ST. PAUL'S SPEECHES.

ACTS, xiii. 43.

Now when the congregation was broken up, many of the Jews and religious proselytes followed Paul and Barnabas; who, speaking to them, persuaded them to continue in the grace of God.

THE Congregation here spoken of was one at Antioch, in Pisidia, to which Paul had been setting forth the first principles of Christian truth. It may be observed that the wisdom of God has provided for us, in the Acts of the Apostles, specimens of St. Paul's manner of addressing three very different classes of hearers; from each of which we may derive a lesson in speaking to persons under like circumstances. We have in his speech to the Athenians a specimen of his way of opening the Gospel to those who were wholly unacquainted with it, who knew nothing of the expectation of the Messiah, nothing of the Old Testament, and next to

nothing of the Jewish people; to men whose minds had in them nothing eastern, but had received in the fullest measure the benefits of that cultivation which they were designed first to enjoy themselves, and then to communicate to all mankind. Again, in his address to the synagogue, at Antioch in Pisidia, contained in the chapter from which the text is taken, we have a specimen of his way of opening the Gospel to those who were Jews either by blood or by religion; to those, that is, to whom the promises of the Messiah were known, and who were well acquainted with the Scriptures of the Old Testament. Thirdly, in his address to the elders of the Church of Ephesus, when they came to meet him at Miletus on his way to Jerusalem, we have a specimen of his way of speaking to those who were acquainted fully with the Gospel.
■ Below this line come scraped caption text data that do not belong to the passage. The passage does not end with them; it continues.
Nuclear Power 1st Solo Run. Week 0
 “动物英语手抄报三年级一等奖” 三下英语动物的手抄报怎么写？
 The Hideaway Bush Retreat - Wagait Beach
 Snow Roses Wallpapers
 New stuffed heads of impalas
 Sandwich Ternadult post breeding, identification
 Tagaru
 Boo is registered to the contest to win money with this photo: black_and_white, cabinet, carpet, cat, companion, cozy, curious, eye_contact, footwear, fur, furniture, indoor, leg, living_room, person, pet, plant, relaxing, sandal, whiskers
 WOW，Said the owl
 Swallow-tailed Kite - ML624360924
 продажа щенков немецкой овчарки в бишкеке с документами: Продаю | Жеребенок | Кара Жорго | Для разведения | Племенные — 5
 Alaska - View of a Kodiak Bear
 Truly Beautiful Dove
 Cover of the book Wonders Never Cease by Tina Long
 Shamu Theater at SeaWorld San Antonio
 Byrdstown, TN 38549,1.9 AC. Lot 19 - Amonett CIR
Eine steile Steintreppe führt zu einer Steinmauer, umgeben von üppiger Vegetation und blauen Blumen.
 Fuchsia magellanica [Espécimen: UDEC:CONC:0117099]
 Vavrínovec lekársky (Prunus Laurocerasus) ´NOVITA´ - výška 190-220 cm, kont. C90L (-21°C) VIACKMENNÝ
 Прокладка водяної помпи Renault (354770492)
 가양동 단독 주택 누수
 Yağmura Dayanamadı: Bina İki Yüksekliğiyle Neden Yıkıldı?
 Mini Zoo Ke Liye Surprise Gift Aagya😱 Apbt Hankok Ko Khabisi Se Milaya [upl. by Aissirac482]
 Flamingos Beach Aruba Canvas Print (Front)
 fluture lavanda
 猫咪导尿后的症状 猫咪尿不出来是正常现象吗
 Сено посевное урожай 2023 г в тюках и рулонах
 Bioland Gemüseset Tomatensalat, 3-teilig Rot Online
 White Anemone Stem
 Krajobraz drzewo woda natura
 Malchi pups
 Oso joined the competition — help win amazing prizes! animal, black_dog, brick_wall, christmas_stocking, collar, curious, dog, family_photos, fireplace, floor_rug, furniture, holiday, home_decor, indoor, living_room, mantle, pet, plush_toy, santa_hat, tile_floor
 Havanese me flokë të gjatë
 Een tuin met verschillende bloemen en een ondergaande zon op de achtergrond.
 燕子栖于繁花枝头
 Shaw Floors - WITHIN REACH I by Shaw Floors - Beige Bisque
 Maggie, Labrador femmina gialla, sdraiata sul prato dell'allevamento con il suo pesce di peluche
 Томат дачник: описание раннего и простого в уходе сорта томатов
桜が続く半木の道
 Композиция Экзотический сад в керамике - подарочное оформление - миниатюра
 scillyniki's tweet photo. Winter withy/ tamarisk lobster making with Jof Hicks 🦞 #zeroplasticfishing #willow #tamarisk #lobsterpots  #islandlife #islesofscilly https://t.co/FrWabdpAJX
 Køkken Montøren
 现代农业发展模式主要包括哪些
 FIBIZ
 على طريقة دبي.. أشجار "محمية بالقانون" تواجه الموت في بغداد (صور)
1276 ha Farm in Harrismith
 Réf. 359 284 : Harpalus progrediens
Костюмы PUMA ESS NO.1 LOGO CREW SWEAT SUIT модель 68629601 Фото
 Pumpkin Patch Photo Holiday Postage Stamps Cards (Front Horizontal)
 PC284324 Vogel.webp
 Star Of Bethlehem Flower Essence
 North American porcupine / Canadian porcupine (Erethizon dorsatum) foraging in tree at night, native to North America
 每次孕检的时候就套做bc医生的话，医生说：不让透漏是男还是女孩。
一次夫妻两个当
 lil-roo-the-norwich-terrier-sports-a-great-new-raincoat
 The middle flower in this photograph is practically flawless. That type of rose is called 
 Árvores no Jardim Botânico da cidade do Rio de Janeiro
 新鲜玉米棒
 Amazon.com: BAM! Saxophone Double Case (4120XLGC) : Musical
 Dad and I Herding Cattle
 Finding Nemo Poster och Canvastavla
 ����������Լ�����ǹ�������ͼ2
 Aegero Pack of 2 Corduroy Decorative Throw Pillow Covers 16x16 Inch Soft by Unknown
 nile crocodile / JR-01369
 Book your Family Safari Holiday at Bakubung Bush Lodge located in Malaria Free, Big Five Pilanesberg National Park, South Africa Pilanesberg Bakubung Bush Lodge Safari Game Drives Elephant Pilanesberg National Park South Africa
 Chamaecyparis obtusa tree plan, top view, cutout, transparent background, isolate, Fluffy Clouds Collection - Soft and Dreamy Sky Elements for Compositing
As, in the other two speeches, we might suppose that more truth was yet behind, which could not be communicated all at once to those who knew nothing of Christianity; so we may be sure that in a speech addressed not only to Christians, but to elders of the Church, to the rulers and teachers of the Christian society, there could be no reserves whatever; that whatever is to them insisted upon as the substance of the Gospel, is so to us, and to all Christians; and that any man who would dream of some yet higher and more secret doctrine, taught only to those most advanced in Christian per

fection, is merely adding to God's wisdom and God's truth, not the wisdom and truth of man, for in such a case the words truth and wisdom have no place, but rather his folly, and superstition, and falsehood.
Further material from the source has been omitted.